+++ DATA PROVIDED

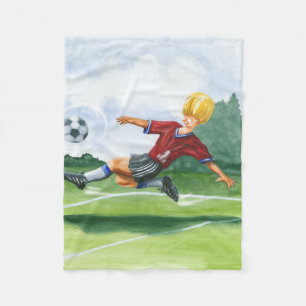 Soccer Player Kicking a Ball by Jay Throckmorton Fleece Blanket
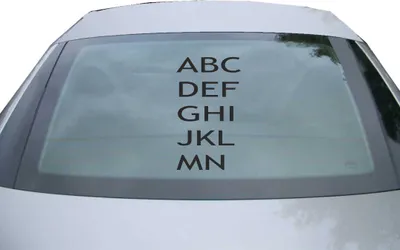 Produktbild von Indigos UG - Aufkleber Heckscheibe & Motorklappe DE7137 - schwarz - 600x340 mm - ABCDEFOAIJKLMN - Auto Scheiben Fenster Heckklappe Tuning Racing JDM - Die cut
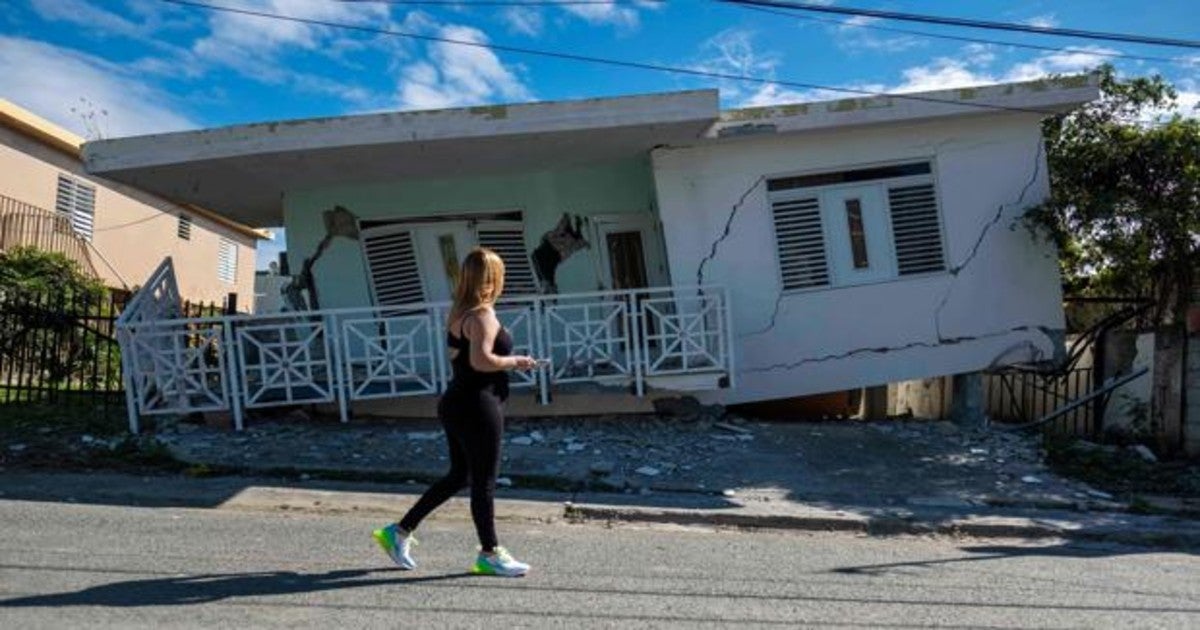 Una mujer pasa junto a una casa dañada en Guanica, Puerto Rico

++++++

#### [EXERCISE OBJECTIVE]
The data is to be restated word for word, with any pictures set aside.

#### [RESULT OF THE EXERCISE]
 Soccer Player Kicking a Ball by Jay Throckmorton Fleece Blanket
 Produktbild von Indigos UG - Aufkleber Heckscheibe & Motorklappe DE7137 - schwarz - 600x340 mm - ABCDEFOAIJKLMN - Auto Scheiben Fenster Heckklappe Tuning Racing JDM - Die cut
 Una mujer pasa junto a una casa dañada en Guanica, Puerto Rico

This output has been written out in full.